REQUIRED WORK> Could you reproduce the lines below from the one with "Northeast top snow reports" through the one with "THE PRIME SCALPING EA v9.0"? Keep both ends and add nothing.

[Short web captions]
________

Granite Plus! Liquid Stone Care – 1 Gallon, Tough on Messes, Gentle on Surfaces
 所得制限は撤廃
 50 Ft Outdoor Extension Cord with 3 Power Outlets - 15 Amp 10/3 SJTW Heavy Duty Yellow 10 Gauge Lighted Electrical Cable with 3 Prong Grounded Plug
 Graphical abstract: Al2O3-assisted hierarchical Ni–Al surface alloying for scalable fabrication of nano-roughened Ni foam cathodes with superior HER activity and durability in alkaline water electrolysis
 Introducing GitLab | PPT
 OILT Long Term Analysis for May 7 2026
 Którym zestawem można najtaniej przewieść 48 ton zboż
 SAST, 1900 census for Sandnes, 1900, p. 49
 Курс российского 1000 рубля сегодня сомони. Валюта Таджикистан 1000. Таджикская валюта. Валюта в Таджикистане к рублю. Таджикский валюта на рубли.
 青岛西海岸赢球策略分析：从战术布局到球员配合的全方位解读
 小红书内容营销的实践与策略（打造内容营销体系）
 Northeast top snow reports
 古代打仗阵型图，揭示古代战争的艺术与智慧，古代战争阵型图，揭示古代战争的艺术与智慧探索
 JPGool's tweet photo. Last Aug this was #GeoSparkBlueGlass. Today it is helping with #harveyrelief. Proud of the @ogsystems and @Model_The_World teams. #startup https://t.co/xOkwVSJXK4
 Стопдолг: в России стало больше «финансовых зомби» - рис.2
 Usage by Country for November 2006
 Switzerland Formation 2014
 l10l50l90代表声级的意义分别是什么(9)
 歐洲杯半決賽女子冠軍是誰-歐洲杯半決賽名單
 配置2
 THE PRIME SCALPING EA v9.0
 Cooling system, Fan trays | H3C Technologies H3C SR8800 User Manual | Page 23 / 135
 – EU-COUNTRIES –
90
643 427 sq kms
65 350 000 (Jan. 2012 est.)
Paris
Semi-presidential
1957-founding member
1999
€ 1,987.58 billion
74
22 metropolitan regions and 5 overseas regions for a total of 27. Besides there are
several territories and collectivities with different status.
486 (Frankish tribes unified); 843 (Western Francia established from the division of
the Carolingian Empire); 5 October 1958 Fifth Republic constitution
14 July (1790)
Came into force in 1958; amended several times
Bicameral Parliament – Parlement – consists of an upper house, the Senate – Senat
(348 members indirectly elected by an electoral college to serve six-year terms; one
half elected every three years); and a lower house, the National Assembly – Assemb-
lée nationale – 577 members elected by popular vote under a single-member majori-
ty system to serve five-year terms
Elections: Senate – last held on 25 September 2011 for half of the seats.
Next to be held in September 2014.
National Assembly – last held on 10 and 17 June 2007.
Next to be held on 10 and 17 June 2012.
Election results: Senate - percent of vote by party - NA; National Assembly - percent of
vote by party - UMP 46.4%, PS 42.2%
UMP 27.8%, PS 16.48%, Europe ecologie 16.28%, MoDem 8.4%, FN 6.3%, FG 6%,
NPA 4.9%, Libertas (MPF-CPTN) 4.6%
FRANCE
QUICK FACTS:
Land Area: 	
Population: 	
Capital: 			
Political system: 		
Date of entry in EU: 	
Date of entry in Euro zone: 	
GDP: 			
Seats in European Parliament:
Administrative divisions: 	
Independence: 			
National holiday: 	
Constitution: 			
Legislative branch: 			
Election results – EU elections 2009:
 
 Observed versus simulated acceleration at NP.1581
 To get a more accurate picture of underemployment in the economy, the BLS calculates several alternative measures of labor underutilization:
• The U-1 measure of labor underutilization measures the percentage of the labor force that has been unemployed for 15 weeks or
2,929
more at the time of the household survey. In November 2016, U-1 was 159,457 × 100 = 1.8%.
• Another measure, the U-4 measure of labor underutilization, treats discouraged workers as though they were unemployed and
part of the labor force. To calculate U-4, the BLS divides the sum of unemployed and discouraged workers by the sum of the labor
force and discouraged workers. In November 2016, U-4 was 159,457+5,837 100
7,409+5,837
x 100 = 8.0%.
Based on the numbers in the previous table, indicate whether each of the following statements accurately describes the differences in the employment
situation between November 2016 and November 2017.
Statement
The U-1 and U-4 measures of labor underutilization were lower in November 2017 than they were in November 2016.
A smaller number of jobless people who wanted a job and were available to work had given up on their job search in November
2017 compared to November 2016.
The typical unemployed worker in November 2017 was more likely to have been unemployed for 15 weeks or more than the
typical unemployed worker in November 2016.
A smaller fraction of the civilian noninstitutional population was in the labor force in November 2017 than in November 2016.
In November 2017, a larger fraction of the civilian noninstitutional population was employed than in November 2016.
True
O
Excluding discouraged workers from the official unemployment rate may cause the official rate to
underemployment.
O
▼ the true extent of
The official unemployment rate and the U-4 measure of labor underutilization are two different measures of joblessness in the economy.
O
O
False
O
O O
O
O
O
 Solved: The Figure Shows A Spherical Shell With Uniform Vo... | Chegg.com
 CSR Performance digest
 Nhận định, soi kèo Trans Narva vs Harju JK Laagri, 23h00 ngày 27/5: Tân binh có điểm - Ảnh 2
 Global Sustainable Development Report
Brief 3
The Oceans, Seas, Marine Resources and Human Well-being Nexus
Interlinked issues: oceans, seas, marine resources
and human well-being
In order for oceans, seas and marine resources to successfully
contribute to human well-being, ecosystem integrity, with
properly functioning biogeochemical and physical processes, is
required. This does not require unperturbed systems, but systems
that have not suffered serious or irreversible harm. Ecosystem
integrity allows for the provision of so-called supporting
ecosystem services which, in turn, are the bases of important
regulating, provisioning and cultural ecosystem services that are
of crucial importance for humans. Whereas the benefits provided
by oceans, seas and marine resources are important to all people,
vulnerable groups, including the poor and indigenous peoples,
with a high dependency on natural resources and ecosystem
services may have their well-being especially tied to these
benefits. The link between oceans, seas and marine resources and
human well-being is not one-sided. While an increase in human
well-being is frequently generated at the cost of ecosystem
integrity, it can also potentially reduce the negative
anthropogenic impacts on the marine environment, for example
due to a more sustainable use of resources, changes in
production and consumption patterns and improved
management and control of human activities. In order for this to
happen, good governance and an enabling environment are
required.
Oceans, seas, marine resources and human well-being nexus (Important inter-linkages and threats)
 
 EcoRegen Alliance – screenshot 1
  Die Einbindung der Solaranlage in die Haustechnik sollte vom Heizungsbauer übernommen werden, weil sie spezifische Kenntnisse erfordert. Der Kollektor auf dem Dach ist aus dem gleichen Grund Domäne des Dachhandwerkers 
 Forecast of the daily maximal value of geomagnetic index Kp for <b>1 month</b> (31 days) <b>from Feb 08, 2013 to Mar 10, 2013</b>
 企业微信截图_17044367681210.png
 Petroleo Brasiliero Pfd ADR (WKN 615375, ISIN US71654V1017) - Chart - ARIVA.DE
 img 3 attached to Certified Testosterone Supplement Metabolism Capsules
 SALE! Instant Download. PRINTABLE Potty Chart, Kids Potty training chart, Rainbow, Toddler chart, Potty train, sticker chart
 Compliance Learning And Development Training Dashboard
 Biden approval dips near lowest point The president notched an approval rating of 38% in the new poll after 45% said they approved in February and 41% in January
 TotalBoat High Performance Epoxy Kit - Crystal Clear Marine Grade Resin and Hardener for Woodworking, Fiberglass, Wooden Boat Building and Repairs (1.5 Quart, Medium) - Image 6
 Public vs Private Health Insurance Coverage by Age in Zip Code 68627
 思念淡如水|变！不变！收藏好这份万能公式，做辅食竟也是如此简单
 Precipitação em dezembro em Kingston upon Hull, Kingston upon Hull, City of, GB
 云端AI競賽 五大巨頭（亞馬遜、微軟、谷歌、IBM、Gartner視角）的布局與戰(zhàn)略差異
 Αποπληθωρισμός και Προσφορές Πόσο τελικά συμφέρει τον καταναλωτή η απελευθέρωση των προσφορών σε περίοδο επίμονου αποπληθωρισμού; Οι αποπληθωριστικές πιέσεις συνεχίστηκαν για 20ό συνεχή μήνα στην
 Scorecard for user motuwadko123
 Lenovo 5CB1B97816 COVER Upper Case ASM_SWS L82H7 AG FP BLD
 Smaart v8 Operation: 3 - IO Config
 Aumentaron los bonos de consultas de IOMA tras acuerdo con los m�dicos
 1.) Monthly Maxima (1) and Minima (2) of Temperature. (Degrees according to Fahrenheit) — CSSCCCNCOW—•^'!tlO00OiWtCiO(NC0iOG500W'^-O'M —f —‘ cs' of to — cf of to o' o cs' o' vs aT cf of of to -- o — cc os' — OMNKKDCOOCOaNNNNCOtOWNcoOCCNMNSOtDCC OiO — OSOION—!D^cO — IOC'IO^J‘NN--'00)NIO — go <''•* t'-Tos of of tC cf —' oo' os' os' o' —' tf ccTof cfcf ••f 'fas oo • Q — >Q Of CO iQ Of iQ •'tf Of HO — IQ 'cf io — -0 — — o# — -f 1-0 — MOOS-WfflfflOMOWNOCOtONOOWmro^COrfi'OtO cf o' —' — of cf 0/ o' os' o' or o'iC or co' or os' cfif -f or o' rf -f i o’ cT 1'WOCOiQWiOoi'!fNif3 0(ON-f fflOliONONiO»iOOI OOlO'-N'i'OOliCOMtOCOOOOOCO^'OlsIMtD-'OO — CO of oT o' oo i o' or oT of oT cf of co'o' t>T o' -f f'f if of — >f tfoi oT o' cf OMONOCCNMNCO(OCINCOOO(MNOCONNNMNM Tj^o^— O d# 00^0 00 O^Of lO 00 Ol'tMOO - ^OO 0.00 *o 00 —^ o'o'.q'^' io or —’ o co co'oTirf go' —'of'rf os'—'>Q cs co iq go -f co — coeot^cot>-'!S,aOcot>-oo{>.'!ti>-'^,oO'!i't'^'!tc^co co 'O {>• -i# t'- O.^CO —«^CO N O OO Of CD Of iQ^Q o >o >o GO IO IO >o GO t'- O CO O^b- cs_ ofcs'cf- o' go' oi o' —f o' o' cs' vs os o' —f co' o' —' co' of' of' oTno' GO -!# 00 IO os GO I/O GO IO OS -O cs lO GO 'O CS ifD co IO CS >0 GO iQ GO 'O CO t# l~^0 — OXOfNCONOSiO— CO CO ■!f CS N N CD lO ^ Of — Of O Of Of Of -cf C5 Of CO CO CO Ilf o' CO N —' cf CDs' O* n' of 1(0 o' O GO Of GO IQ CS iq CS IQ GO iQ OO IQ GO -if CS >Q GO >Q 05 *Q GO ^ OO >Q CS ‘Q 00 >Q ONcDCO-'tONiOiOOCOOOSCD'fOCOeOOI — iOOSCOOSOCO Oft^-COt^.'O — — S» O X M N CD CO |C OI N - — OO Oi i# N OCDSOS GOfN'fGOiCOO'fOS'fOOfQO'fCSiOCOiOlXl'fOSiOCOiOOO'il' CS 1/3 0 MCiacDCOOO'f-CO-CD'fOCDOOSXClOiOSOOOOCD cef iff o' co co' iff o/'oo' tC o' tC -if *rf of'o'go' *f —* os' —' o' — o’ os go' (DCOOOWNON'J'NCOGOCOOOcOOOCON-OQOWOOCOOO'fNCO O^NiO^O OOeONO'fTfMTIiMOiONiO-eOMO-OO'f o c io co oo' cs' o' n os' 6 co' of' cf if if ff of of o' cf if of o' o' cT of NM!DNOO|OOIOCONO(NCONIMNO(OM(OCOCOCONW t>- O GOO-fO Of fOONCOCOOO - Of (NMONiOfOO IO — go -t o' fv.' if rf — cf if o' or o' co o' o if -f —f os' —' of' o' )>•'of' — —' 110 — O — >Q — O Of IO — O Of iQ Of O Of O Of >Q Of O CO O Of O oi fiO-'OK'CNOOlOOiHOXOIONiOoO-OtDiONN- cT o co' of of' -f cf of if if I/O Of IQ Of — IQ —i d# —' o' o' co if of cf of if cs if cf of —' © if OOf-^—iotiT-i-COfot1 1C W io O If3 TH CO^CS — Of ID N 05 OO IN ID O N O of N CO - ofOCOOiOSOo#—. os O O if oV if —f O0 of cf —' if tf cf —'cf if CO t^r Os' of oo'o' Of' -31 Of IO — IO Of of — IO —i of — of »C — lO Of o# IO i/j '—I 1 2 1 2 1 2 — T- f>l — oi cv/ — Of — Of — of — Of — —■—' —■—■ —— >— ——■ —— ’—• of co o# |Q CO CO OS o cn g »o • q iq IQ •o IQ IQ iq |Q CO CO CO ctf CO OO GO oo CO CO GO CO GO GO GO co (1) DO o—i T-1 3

________

EXPECTED ANSWER>
 Northeast top snow reports
 古代打仗阵型图，揭示古代战争的艺术与智慧，古代战争阵型图，揭示古代战争的艺术与智慧探索
 JPGool's tweet photo. Last Aug this was #GeoSparkBlueGlass. Today it is helping with #harveyrelief. Proud of the @ogsystems and @Model_The_World teams. #startup https://t.co/xOkwVSJXK4
 Стопдолг: в России стало больше «финансовых зомби» - рис.2
 Usage by Country for November 2006
 Switzerland Formation 2014
 l10l50l90代表声级的意义分别是什么(9)
 歐洲杯半決賽女子冠軍是誰-歐洲杯半決賽名單
 配置2
 THE PRIME SCALPING EA v9.0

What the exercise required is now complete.